When I went to Army Drill Sergeant’s Academy at Fort Knox, Kentucky, we studied leadership styles extensively. This was among hundreds of topics that we studied from psychology, to personal development, to Maslow’s hierarchy of needs. There is a template for teaching that contains the core elements. Leading by example by having the best appearance possible; having the physical ability to do above and beyond what most soldiers are capable of; and having the utmost discipline from what we do with our own litter to always being punctual. We never ask of a soldier something we wouldn’t do ourselves.

Over time, Drill Sergeant’s, elementary school teachers, yoga teachers, adopt characteristics from many mentors to create an amalgamation of style that is all their own. As we go along, we continually refine and find new inspiration. I think of numerous teachers in my path who helped make me who I am today. I never mimic a single person or one particular template.

That being said, there is one yoga teacher who stands out as a model for me. I took his classes religiously and admired his style. This was when I first started into my dedicated yoga journey. At the beginning of class, I could see he was studying his notes and working through postures on his own.
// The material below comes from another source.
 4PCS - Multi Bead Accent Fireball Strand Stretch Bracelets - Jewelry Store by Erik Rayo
Yet, he was still approachable and would talk with us as we entered the studio. He would often mention the peak pose for the day, so we always knew the goal. He challenged us to do our best. He praised us saying “you all did great. That was a hard pose!” He would pat us on the back and encourage us. But he was also stern. He would say “don’t you dare look down in chaturanga!” All his cues still stand out in my mind. You could tell he brought his own practice to the class to share with us. And he always gave assists in savasana that were amazing!
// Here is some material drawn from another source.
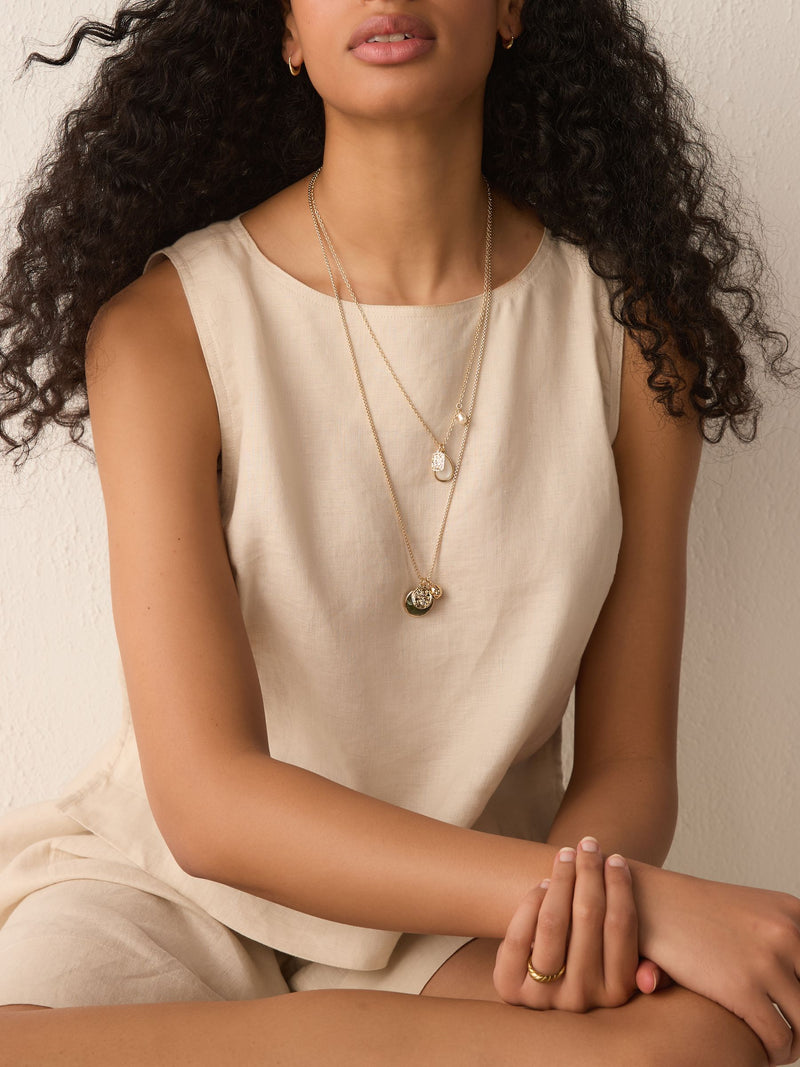 Gold Tone Two Layer Pearl Effect Pendant Necklace, UK version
I not only admired his teaching style, but also his commitment to practice. Much of his practice was taking classes from other teachers. Yes, I would see him in the Ashtanga Primary series. But I would also see him in Fundamentals, Restorative, and Hot Yoga classes. Even though he was capable of harder variations of poses, he often took an easier variation. You could tell he was aware of his body and, possibly, the mood he was feeling. Sometimes the Raja isn’t there. Sometimes a more Tamasic practice is what is needed. I learned all of this from him. And I enjoyed practicing along side him. I have a few teachers who still mentor me in this way and I aspire to do the same for others.

Unfortunately, I see many teachers who never take classes from others. I don’t know if it is that they¬† don’t enjoy styles outside of their own. Maybe they only do their own personal practice and choose not to take from others. I’d hate to think that they felt they are above other teachers or have nothing left to learn. That would be a shame. We should all remain students. And I feel everyone has something to offer us. It may be a smile or a word. Or it could be a creative sequence or cue that we’ve never heard before. Just like our yoga practice, we never arrive as teachers.

Keep your minds open. Keep your hearts soft. Always be a student of life.